Kami yang tepat di belakang tersebut sempat tertawa-tawa dan menyalahkan mobil yang jelas-jelas melanggar peraturan lalu lintas itu. Yang mengagetkan, tiba-tiba polisi itu mendatangi mobil kami yang sedang berhenti karena lampu merah. Dia meminta supir kami membuka jendela dan menyuruh kami juga untuk menepi juga.
Merasa tidak bersalah, keluarlah adu argumen antara supir , Om saya, dan supir tersebut. Tanpa mau peduli, si polisi tetap mengambil SIM supir dan STNK mobil saya. Akhirnya mobil kami parkir di depan sebuah mall, sementara urusan ini ditangani oleh Om dan supir. Saya dan keluarga yang lain menunggu di mobil.
Setelah menunggu selama 20 menit, barulah mereka kembali. Langsunglah kami interogasi mereka apa yang terjadi, kenapa mobilnya ditilang, dan bla bla bla. Dengan wajah kesal, Om saya mengatakan kalau mobil kami ditilang karena dianggap mengahalangi kendaraan lain yang akan belok ke kiri langsung.
Mudah-mudahan ini karena saya yang buta peraturan lalu lintas dan polisi itu tidak mengada-ada. Tapi, seingat saya jalan tersebut terdiri dari 3 jalur dan kami kebetulan berhenti di jalur tengah karena LAMPU MERAH. Bukankah yang akan belok kiri langsung biasanya mengambil jalur kiri? Duh...tapi apa mau dikata, lima puluh ribu rupiah melayang dari dompet. Ya sudahlah itung-itung THR buat itu polisi. Tapi karena kepalang kesal akhirnya selama di TMII pun ya masalah itu dibahas-bahas lagi...>.<
Mungkin kasus saya hanyalah sebagian kecil dari berbagai masalah yang dihadapi terkait pelayanan publik. Kita mungkin dibuat kesal karena pelayanan publik yang terkadang tidak mengedepankan kepentingan publik. Saking seringnya masyarakat mengahadpi hal tersebut, akhirnya paradigma seperti itu menjadi sangat lumrah. Para pelayan publik pun akhirnya akan hanya terus melakukan hal tersebut karena sudah merasa hal tersebut adalah lumrah dan forgivable.
Sebenarnya dalam kasus saya di atas, kami juga salah karena akhirnya kami membayar “uang damai”. Ini juga mungkin dipengaruhi oleh mindset kita yang sudah default bahwa jika ditilang maka harus bayar kecuali keluarga kamu petinggi kepolisian. Menilang memang kewajiban bapak ibu polisi, tetapi menerima uang damai atau bahkan membuat-buat kesalahan agar bisa menerima uang damai itu jelas salah.

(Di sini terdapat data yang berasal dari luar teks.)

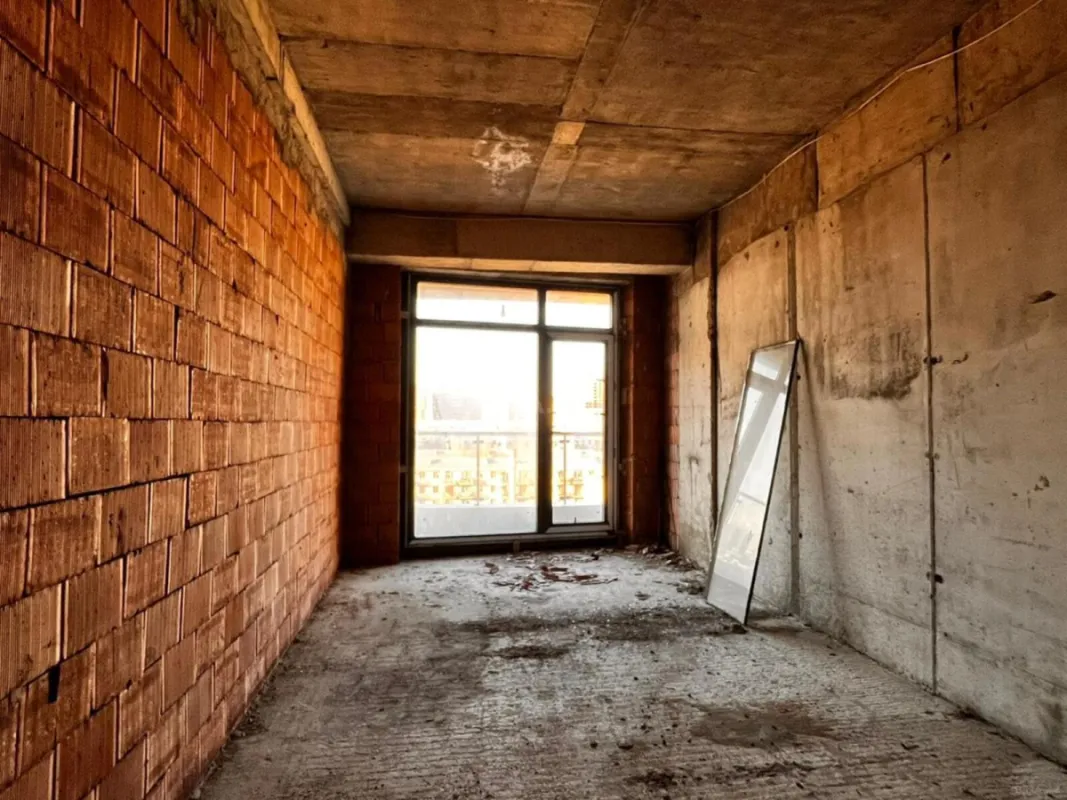 Satılır 4 otaqlı mənzil 162 m²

Yang saya mau tegaskan adalah, tidak pernah terlambat untuk mengubah sesuatu (kecuali kalau sudah kiamat). Batu yang keras sekalipun jika terus ditetesi air, lama kelamaan akan luruh juga. Memang mudah mengubah peraturan, tapi sulit untuk mengubah mindset. Mudah-mudahan wajah pelayanan publik di masa mendatang akan jauh lebih baik dan saya yang insya Allah juga akan menjadi pelayan masyarakat bisa selalu mengedepankan kepentingan publik di atas kepentingan individu. AMIIIINNN.
TERIMA KASIH sudah menyempatkan waktunya untuk membaca.